The Liberator (newspaper)/September 18, 1857/Messrs. Wilson and Banks
Messrs. Wilson and Banks.
In preceding columns, we have given the speeches of Hon. Henry Wilson and Hon. N. P. Banks, made at the State Ratification meeting at Worcester, on the 8th inst. We believe but a small portion of Mr. Wilson’s speech was actually delivered, for want of time; so that we cannot tell with what favor would have been received by the Convention. It reads very much like an old-fashioned anti-slavery speech, and we do not doubt expresses the real feelings and desires of Mr. Wilson, though it breathes a very different spirit, and speaks in a very different tone from some of his utterances at Washington, and his letter to the Disunion Convention at Worcester last winter. What relevancy it had to the occasion, we are unable to perceive. The Republican party has for its motto, ‘Freedom national, Slavery sectional.’ Mr. W. exclaims with us, ‘Freedom everywhere, Slavery nowhere.’ He is no longer a Republican, but an aboiltionist; and admonishes all who listen to him to apprehend the grandeur of the struggle and the solemnity of their obligations,—especially the young men of Massachusetts. But all this glowing rhetoric ends in a hearty recognition of Mr. Banks as the man for the crisis, the champion of freedom,—which is very much like ending in smoke. For Mr. Banks, instead of encouraging any agitation, or feeling that there is any necessity for it, says ‘it is not indispensable that the sentiment of our people upon the subject of slaver should be made broader or deeper,’ and declares that ‘we suffer as much from our zeal as from indifference’!

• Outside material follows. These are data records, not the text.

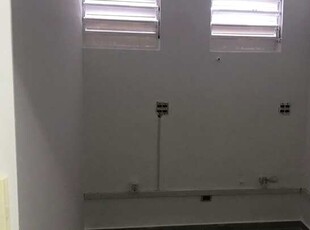 Sala comercial com 7 salas para alugar no Centro em Santo André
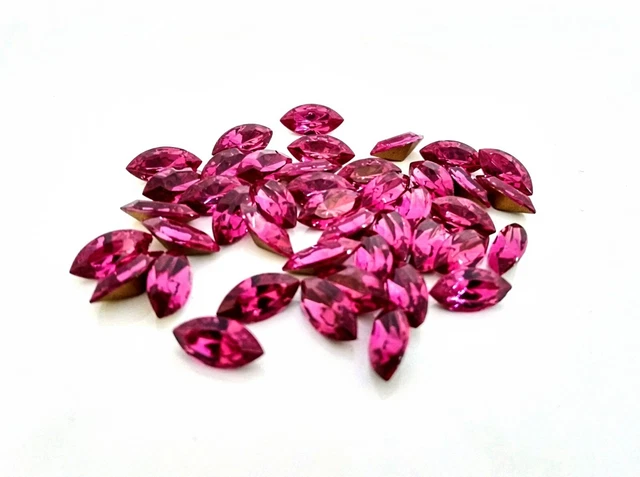 (50pcs) Vintage Swarovski Austrian Crystal FUSCIA 8x4.8mm Navettes Pointed Back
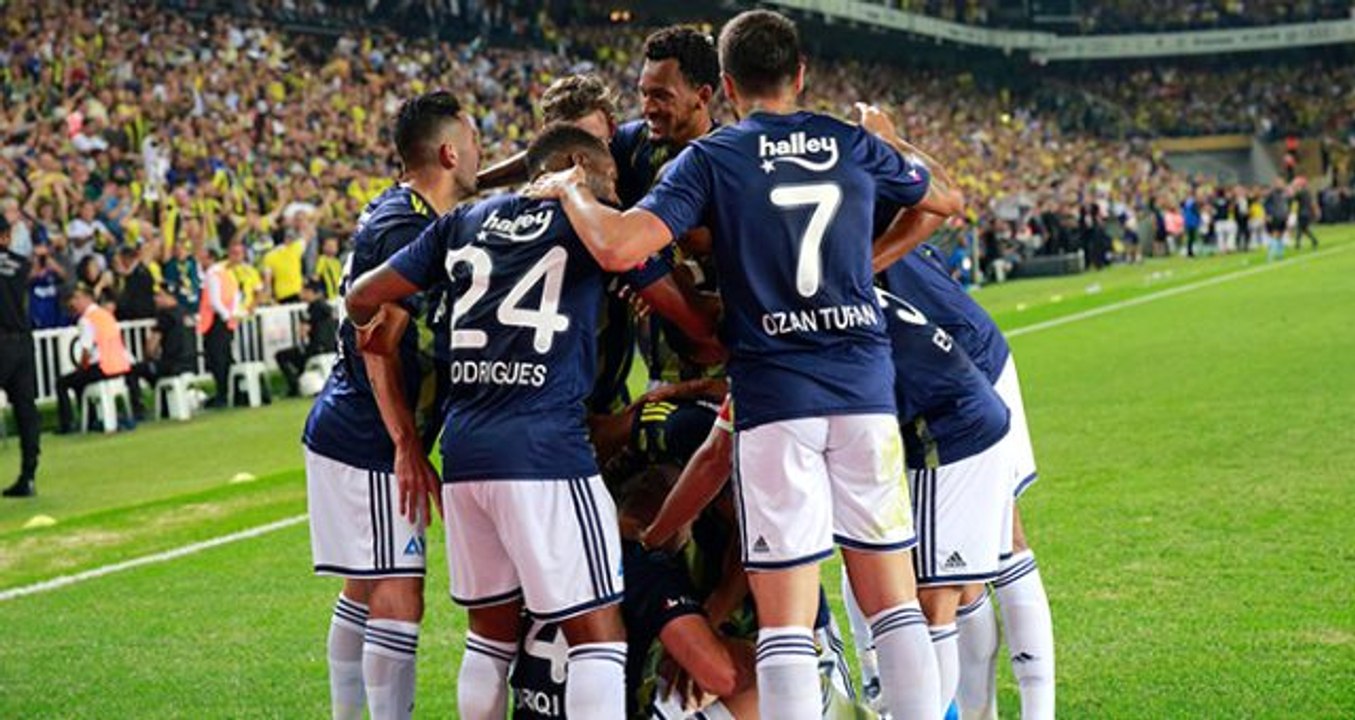 Tolga Ciğerci canlı yayında maçın kaç kaç bittiğini unuttu!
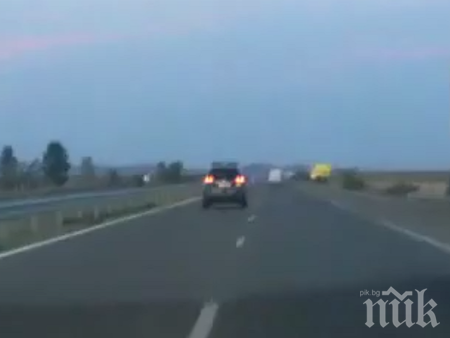 БЪРЗИ И ЯРОСТНИ: Джип на Гранична полиция лети с 200 км/ч по магистрала Тракия (ВИДЕО)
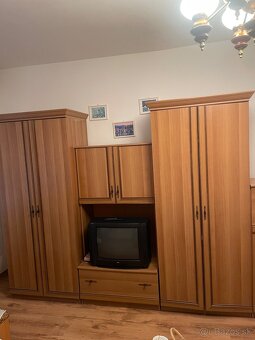 Predám kvalitnú obývaciu stenu - 4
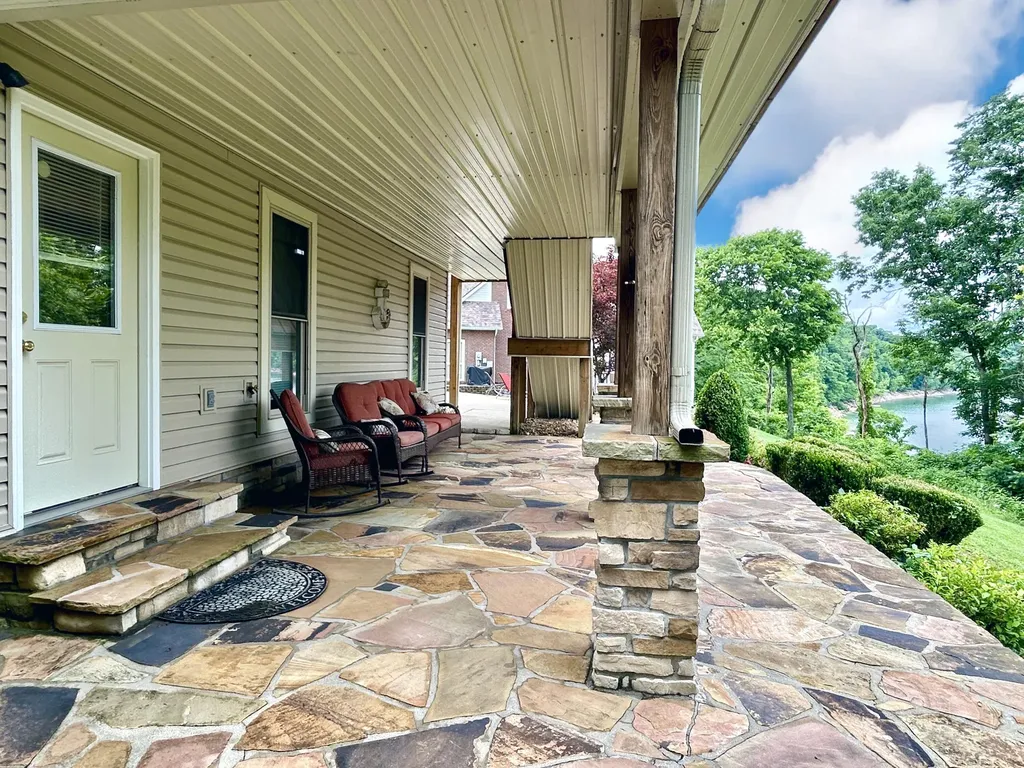 120 Woodson Cove Bronston KY 42518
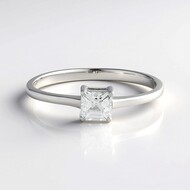 Anillo en plata con Zircón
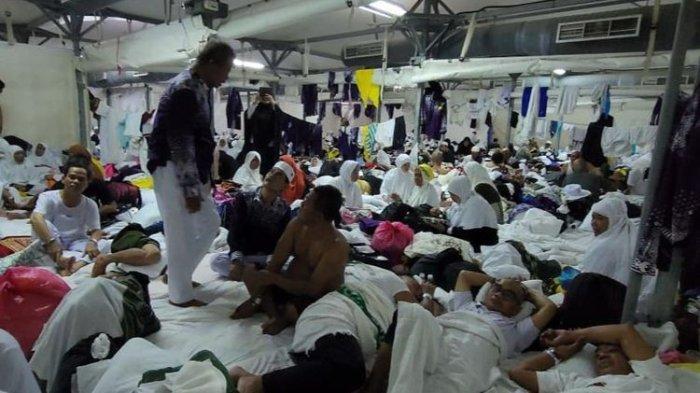 Kondisi-salah-satu-tenda-jemaah-haji-Indonesia-di-Mina.jpg
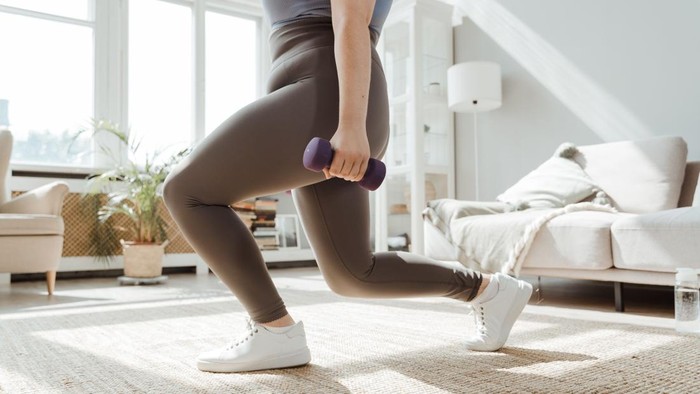 3 Olahraga untuk Usia 40-an Tanpa Harus ke Gym, Jaga Badan Tetap Sehat dan Bugar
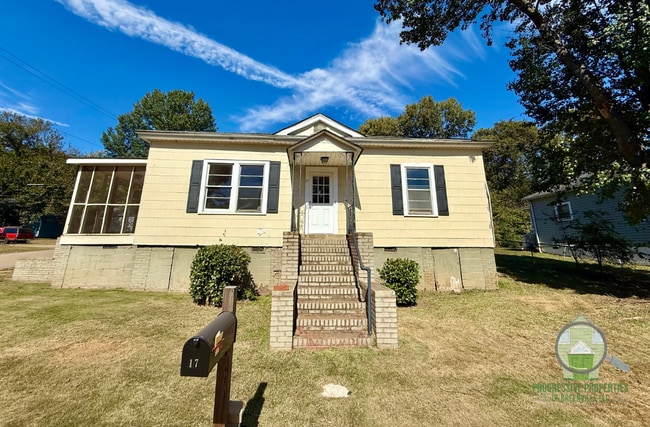 property at 17 11th St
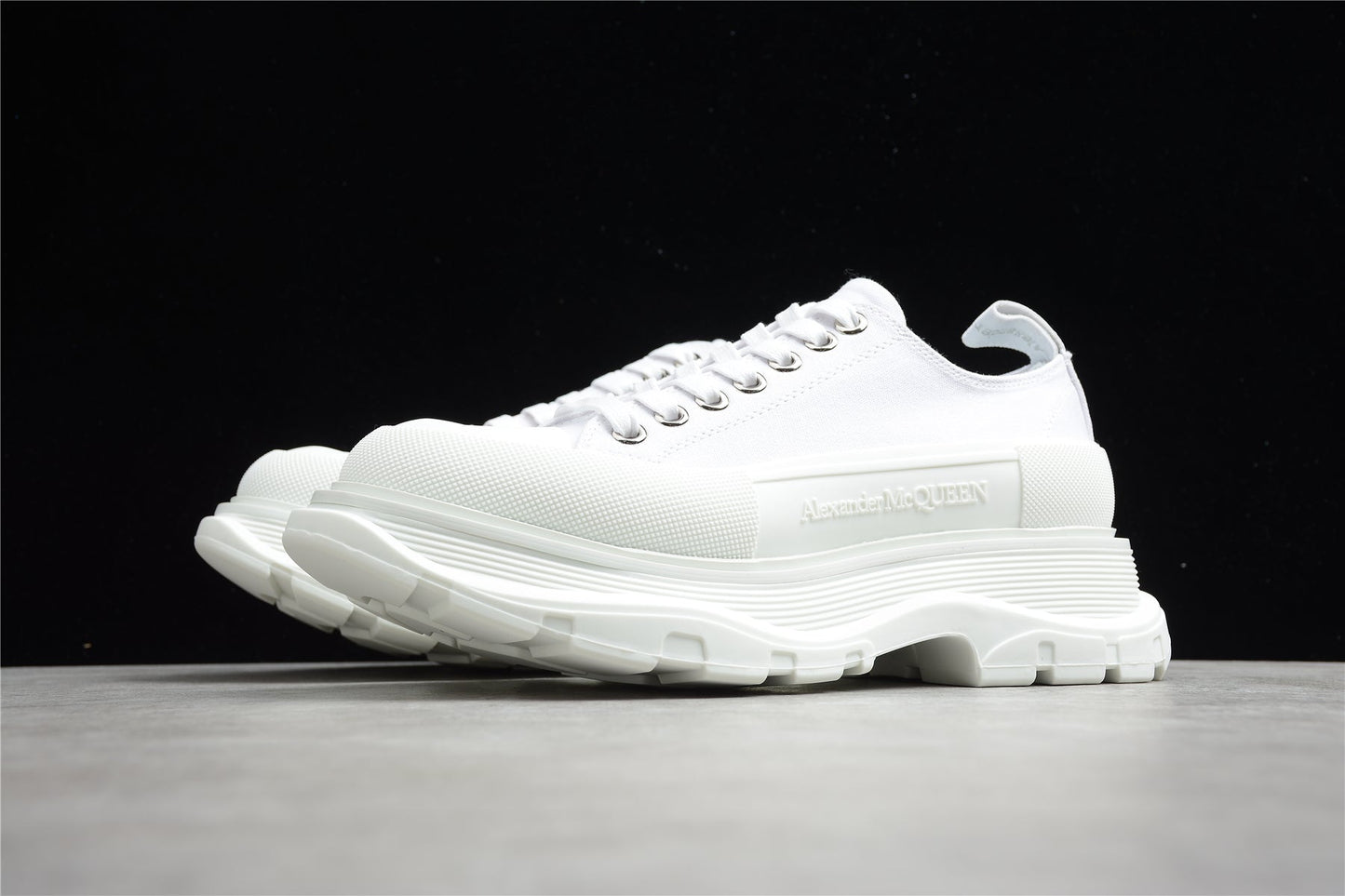 Alexander McQueen Tread Slick Low Lace-Up in White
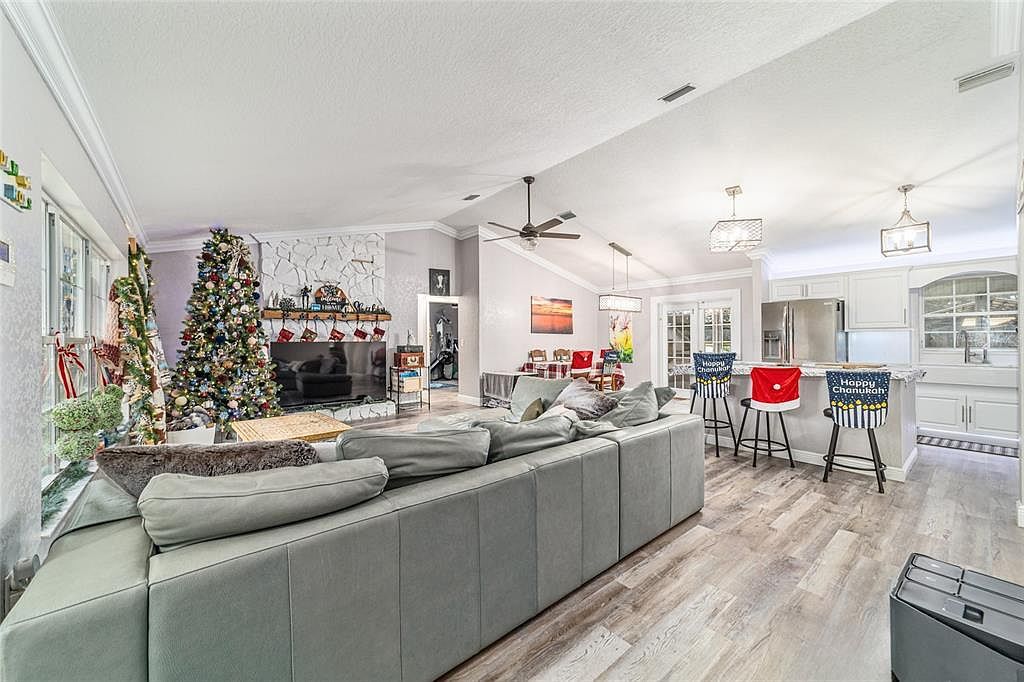 2745 SE 80th St Ocala, FL 34480  | Single Family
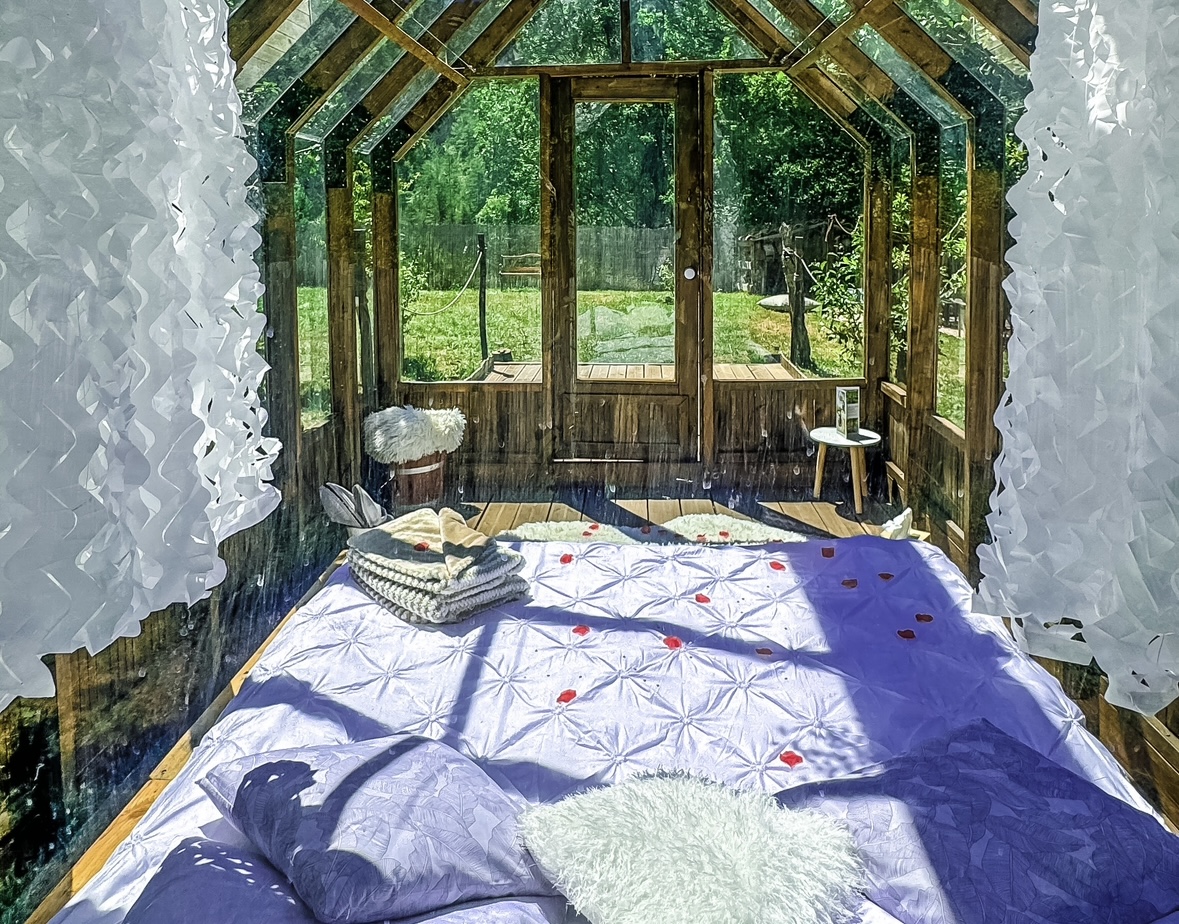 Chalet en verre sous une pluie d’étoiles : une expérience unique en Provence à Lantosque — salle de bain
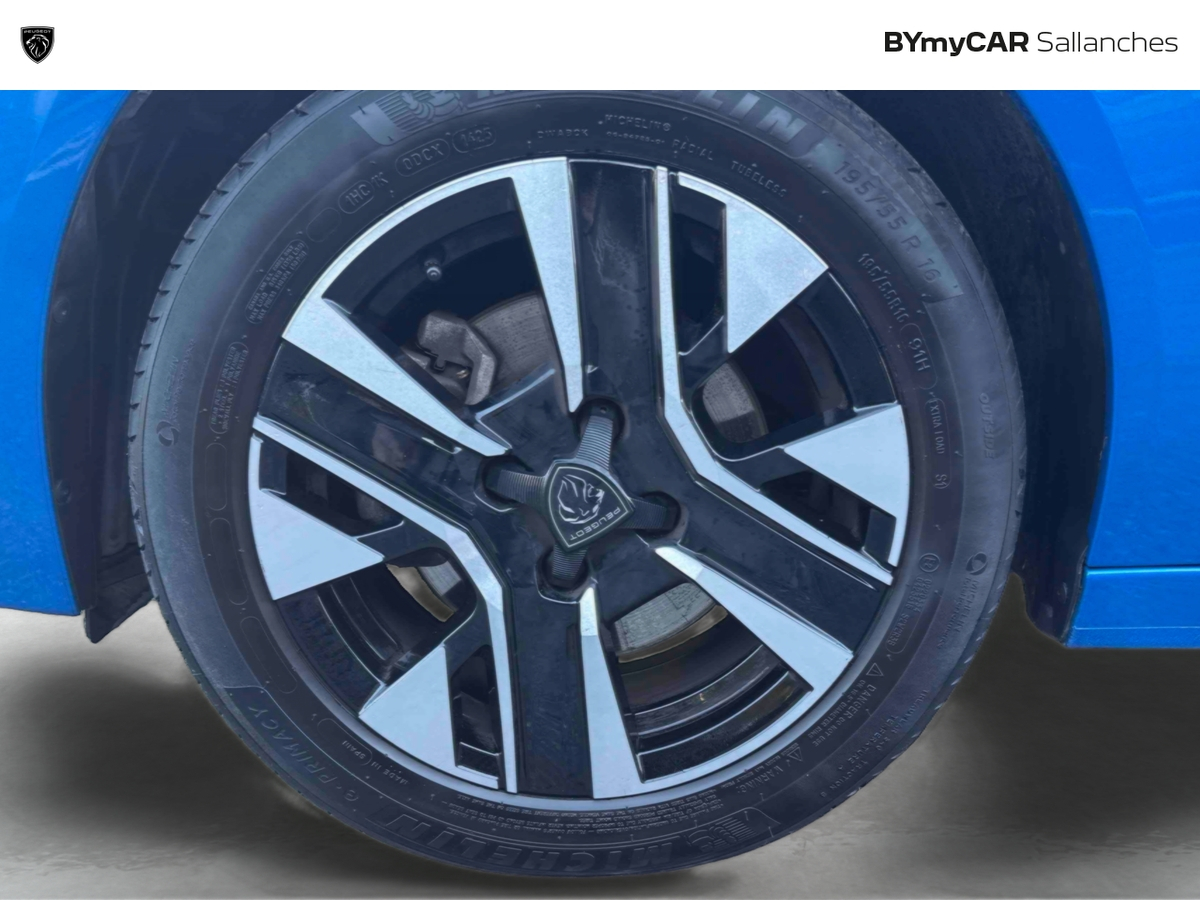 Peugeot 208 100 S&amp;S BVM6 — photo 14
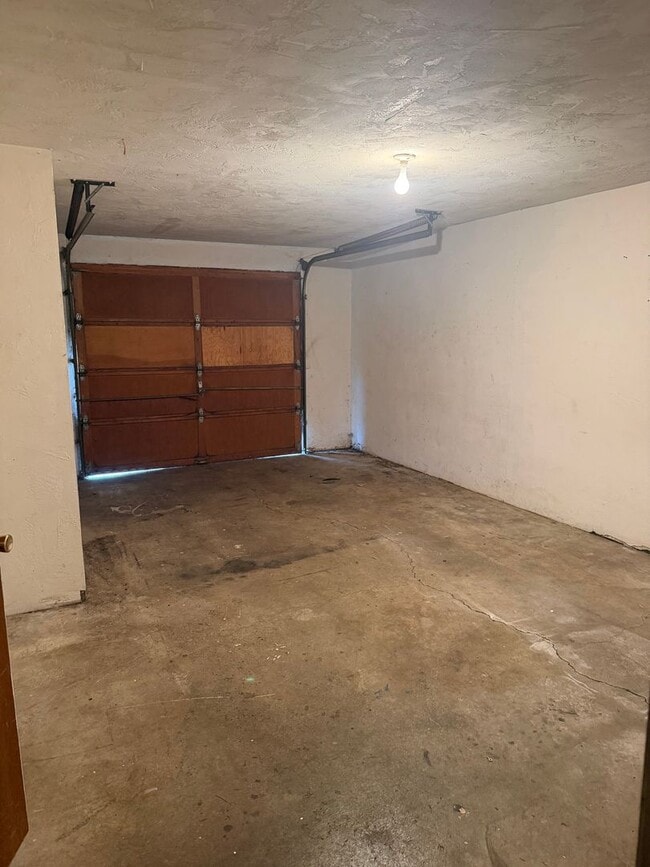 Building Photo - Great Duplex!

We can explain such glaring incongruities only in this way:—Votes are wanted for Mr. Banks, in all directions, to make him Governor of Massachusetts. Mr. B’s speech is designed for the public at large, and seeks to propitiate conservatism rather than to incite to philanthropy. Mr. W’s speech (or, rather, that portion of it which we lay before our readers) was evidently prepared for the more radical portion of the anti-slavery rank and file in the Commonwealth. It is not a rare thing to witness jugglery in politics, and this looks very much like it. Mr. Wilson is full of anti-slavery zeal and devotion; Mr. Banks is not only cool, but stoical, and as the ‘iron’ candidate, may be excused for being destitute of flesh. Mr. W. is for increasing the flame of abolitionism until it melt every fetter in all the land; Mr. B. is for throwing a wet blanket upon it. Mr. W. is concerned for the wretched fate of black laborers, actually chattelized; Mr. B. is interested in the case of white laborers, who have the power to make their own laws and to protect themselves. Mr. W. proposes many fine things to be done to bring slavery to an end—such as repealing the Fugitive Slave Law, rescinding the Died Scott decision, making the District of Columbia and the Territories free, abolishing the domestic slave trade, and putting the control of the General Government wholly into the hands of the North—(all moonshine); Mr. B. is silent upon all these points, and does not seem to be aware that any thing is to be done in particular excepting on his part to ‘religiously support the Union of the States,’ and to concede to the South all the slaveholding guaranties in the Constitution! Yet Mr. Banks is the standard-bearer for Mr. Wilson!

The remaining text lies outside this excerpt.